The authors declare no competing interests.

Figures

Figure 1
Figure 1
Phytocannabinoid biosynthesis and degradation routes and products according to the literature–. The most prevalent acid components are presented for each type of phytocannabinoid.
Figure 2
Figure 2
Observed chromatographic and MS characteristics of phytocannabinoid standard materials. (A) Total ion current (TIC) chromatogram of the 13 available phytocannabinoid standards, and their MS/MS spectra according to (B) CBG, (C) Δ9-THC, (D) CBD, (E) CBC, (F) Δ8-THC, (G) CBL, (H) CBN, (I) CBGA, (J) Δ9-THCA, (K) CBDA, (L) Δ9-THCV, (M) CBDV, and (N) CBDVA. Fragmentation structures for (O) CBG, (P) Δ9-THC, (Q) CBD, (R) CBC, (S) Δ8-THC, (T) CBL, and (U) CBN were determined according to the observed MS/MS spectra of each phytocannabinoid.
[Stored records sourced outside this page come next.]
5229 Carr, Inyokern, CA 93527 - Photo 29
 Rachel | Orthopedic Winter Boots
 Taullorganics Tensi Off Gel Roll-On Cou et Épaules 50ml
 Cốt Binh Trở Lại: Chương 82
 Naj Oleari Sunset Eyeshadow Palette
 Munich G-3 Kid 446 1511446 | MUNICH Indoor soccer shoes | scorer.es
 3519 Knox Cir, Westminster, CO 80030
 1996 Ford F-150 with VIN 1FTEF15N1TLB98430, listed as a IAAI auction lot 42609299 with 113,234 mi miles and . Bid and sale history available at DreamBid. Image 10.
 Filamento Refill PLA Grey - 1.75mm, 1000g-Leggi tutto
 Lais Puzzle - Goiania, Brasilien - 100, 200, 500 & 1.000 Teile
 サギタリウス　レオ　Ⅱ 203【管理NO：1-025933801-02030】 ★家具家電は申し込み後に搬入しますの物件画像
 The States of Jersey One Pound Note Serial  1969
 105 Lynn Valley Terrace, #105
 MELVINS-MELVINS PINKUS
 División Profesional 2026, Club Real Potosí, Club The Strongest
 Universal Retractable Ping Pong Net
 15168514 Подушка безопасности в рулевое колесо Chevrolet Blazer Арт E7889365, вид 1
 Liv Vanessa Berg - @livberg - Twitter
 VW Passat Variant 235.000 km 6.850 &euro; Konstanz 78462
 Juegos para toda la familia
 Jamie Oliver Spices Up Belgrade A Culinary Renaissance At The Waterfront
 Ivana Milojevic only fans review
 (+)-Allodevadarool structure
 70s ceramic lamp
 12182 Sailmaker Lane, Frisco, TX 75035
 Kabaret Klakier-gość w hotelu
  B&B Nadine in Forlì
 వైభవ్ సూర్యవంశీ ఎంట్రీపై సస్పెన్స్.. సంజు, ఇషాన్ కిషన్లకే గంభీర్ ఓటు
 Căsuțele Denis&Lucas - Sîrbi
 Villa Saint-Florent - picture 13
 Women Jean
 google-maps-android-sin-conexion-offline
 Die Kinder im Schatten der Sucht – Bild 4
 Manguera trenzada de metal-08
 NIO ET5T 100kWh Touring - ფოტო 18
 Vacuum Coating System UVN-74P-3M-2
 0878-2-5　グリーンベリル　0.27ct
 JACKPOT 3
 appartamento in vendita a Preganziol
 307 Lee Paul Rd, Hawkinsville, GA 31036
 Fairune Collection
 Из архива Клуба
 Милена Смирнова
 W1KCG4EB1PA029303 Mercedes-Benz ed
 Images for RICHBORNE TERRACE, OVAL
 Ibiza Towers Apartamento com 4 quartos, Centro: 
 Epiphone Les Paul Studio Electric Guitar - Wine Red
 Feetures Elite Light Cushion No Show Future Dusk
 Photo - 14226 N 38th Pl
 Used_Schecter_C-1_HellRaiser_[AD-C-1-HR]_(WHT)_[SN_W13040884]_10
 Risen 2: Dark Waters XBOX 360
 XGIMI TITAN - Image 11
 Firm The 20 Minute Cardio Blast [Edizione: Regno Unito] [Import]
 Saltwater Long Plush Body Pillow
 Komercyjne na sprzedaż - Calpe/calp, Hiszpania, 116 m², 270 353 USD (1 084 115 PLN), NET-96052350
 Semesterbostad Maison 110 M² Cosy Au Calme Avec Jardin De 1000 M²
Values of m/z in this figure are presented as nominal masses to improve interpretation of spectra. Accurate masses for the main fragments appear in Supplementary Figs S3–S9. The blue and green highlights mark identical m/z fragments for the neutral and acid phytocannabinoids.
Figure 3
Figure 3
LC/MS TIC of (A) untreated and (B) decarboxylated high-Δ9-THCA; (C) untreated and (D) decarboxylated high-CBDA; and (E) partly decarboxylated high-CBGA Cannabis strains injected in the prepared concentration, with annotated phytocannabinoids identified according to analytical standards on the samples with the highest expression.
Figure 4
Figure 4
Phytocannabinoid profiling of 36 different medical Cannabis strains. The LC/MS concentrations of each phytocannabinoid were normalized to the highest value and compared per phytocannabinoid in a heat map. Strains were arranged according to increasing Δ9-THCA content (first line) and phytocannabinoids by subclasses.
Figure 5
Figure 5
Phytocannabinoid profiling of a specific high-CBD Cannabis strain that is used to treat children with epilepsy. (A) LC/MS differential analysis of four samples from the same strain with the same genetics, planted and harvested in the same way and at the same time, but grown at four different greenhouses. Two samples were extracted from each plant and prepared in three dilutions (1:9, 1:99, and 1:999  v/v Cannabis extract to ethanol). Samples were injected to the LC/MS in duplicates. The average LC-MS concentrations of each phytocannabinoid were normalized to the highest value and compared per phytocannabinoid in a heat map. Strains were arranged according to increasing Δ9-THCA content (first line) and phytocannabinoids were arranged by subclasses. Quantitative comparison of the absolute concentrations of (B) CBDA, (C) Δ9-THCA, (D) CBGA, (E) CBCA, (F) CBDVA, (G) Δ9-THCVA, (H) CBGVA and (I) CBCVA, show significant differences between Cannabis samples from the same strain as a result of growing conditions. All values are reported as mean ± SD (one-way ANOVA, Tukey HSD post hoc test *p < 0.05, **p < 0.01, ***p < 0.001, ****p < 0.0001).
Figure 6
Figure 6
Effect of equally high CBD Cannabis strain extracts on pentylenetetrazol (PTZ)-induced convulsions. (A) Comparison of the LC/MS concentrations of the five Cannabis extracts that were used to evaluate the anticonvulsant effect of Cannabis extracts using the PTZ-induced convulsion test in mice. Values were color-coded according to order of magnitude of concentrations. All strains contained similar CBD contents (50% w/w) but differed in the concentrations and ratios of other phytocannabinoids. (B) The analyzed Cannabis extracts were found to reduce PTZ-induced incidence of tonic-clonic seizures and mortality. (C) Both Cann4 and Cann5 extracts significantly increased latency to first tonic-clonic seizures (F5,103 = 4.4, p = 0.001). Values are reported as mean ± SEM, *p < 0.05, ***p < 0.001 vs. a control group. Percent of protection against incidence of tonic seizures and subsequent death to PTZ were compared among groups using the χ2 test (p > 0.05 for both seizure protection and mortality protection).